Verrücktes Reisen

Verrücktes Reisen
Tausendjährige Eier auf Skihütten, Wellness am Grund des Meeres und digitale Personal Trainer. Michael Horowitz über Urlaubs-Perspektiven.

Die Chinesen kommen. Bis zum Jahr 2020 werden rund 150 Millionen Menschen aus China ihren Urlaub im Ausland verbringen, Europa als Freizeitpark erschließen. Schon heute träumen Chinesen von der Exotik des Skifahrens. In Zukunft wird es vermutlich auf unseren Berghütten nach Chili, Ingwer und Koriander riechen. Und Sichuan-Schweinetopf, in Sambal gegarten Wasserspinat und tausendjährige Eier geben. Eine willkommene Abwechslung zu den ewigen Germknödeln und Berner Würsteln.

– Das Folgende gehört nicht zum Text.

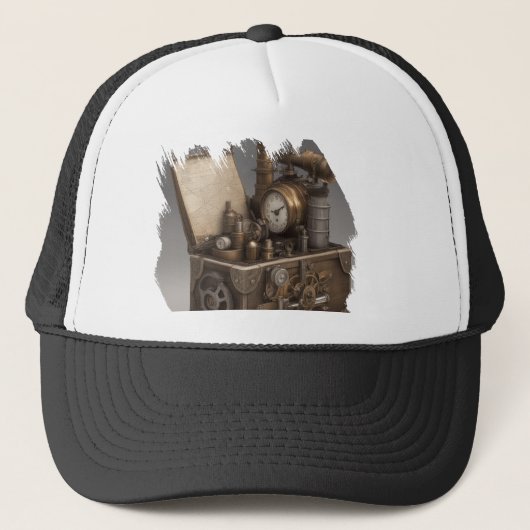 Steampunk tijdmachine -  schatkist trucker pet (Voorkant)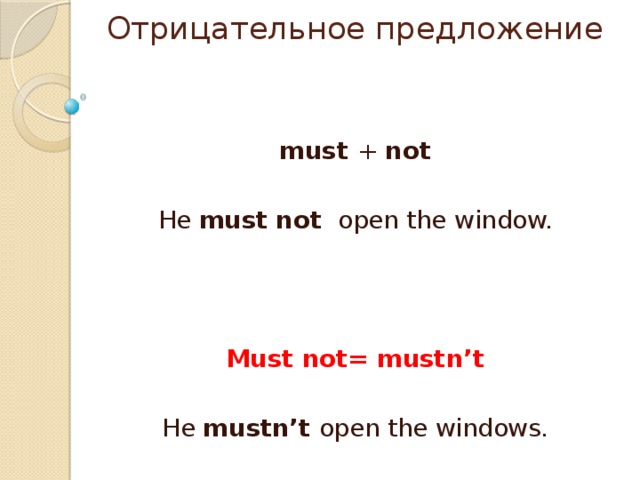 Отрицательное предложение must + not He must  not open the window. Must not= mustn’t He mustn’t open the windows.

Unser Urlaub der Zukunft. Im Gegenzug zu wohlhabenden Reisenden aus Schwellenländern wie Brasilien, China und Indien, die zu uns kommen, wird sich der europäische all inclusive-Billigtourismus Richtung riesige Ferienresorts am Mittelmeer – aber auch nach Brasilien und China verlagern. Die Schere zwischen extrem günstigem Urlaub für die Masse und absolutem Premiumurlaub für wenige Reiche wird in den nächsten zehn, zwanzig Jahren noch mehr auseinanderklaffen. Schon heute kann man Reisen für den Gegenwert eines gehobenen Mittelklassewagens buchen: Um den Preis eines Audi A 6 (inklusive reichlichen Extras wie Businesspaket, Matrix-LED-Scheinwerfer, Standheizung und Valcona-Lederpolsterung) – rund 60.000 Euro pro Person (!) – ist man dann im Privat-Jet Albert Ballin 19 Tage unterwegs. Auf fast 40.000 Kilometern bereist man vier Kontinente. Von der legendären Sansibar auf Sylt bis Sansibar vor Afrika. Mit Stopps in New York, Kanada, Alaska, Japan, Palau und Vietnam. Eine Luxusreise wie eine Kreuzfahrt. Nur nicht mit einem Dampfer auf dem Wasser, sondern durch die Luft. Mit einer zu einem fliegenden Palast umgerüsteten Boeing 737-800, die normalerweise bis zu 190 Menschen befördert.

Kreuzflug nennt der Veranstalter Hapag Lloyd das exklusive Reiseerlebnis mit maximal 42 Passagieren. Das natürlich einen fast unanständigen, verrückten Preis hat. Aber wann kommt man sonst direkt von Alaska in die Südsee? Mit Beinfreiheit wie zu Hause während der ZiB 2, einem Lektor, der über die nächste Destination informiert, und einem Bordarzt. Das Erlebnis Urlaub wird sich in zehn, zwanzig Jahren radikal verändert haben, meinen die Tourismus-Experten von „Skyscanner“, einer weltweit führenden Internet-Reisesuchmaschine. In der Studie Future of Travel schwärmen sie vom Abenteuer, die atemberaubende Krümmung der Erde von einer geringen Umlaufbahn genießen aus zu können – von Reisen in den Weltraum als bahnbrechender Meilenstein im Urlaubsfeeling. Allerdings dürfte die Explosion der Raumfähre SpaceShipTwo, bei der im vergangenen Oktober ein Pilot starb, die vollmundigen Vorhersagen ein wenig dämpfen. Wesentlich erschwinglicher als der Weltraumtourismus wird das Reisen zum Grund der Meere – Urlaub à la Käpt’n Nemo. Unterwasser-Resorts mit Wellness-Bereichen, Bars und Restaurants, sollen in weniger als zehn Jahren zum Mainstream-Tourismus gehören. Außerdem soll dann ein Flug wie von London nach Sydney nur mehr zwei Stunden dauern. Und Daten aus sozialen Netzwerken werden – sind sich Tourismus-Experten einig – ein maßgeschneidertes Übernachten garantieren: Im Hotelzimmer der Zukunft wird man schon vom digitalen Personal Trainer erwartet, von der Temperatur bis zur Stärke der Power-Dusche ist alles individuell gesteuert und das Wasser automatisch mit den speziell erforderlichen Vitaminen angereichert. Im Kopfpolster integrierte Elektronik massiert in den Schlaf und übernimmt den Weckservice. Die Wände spielen Filme ab oder mildern Jet-Lag durch Abdunklung. Gute Nacht.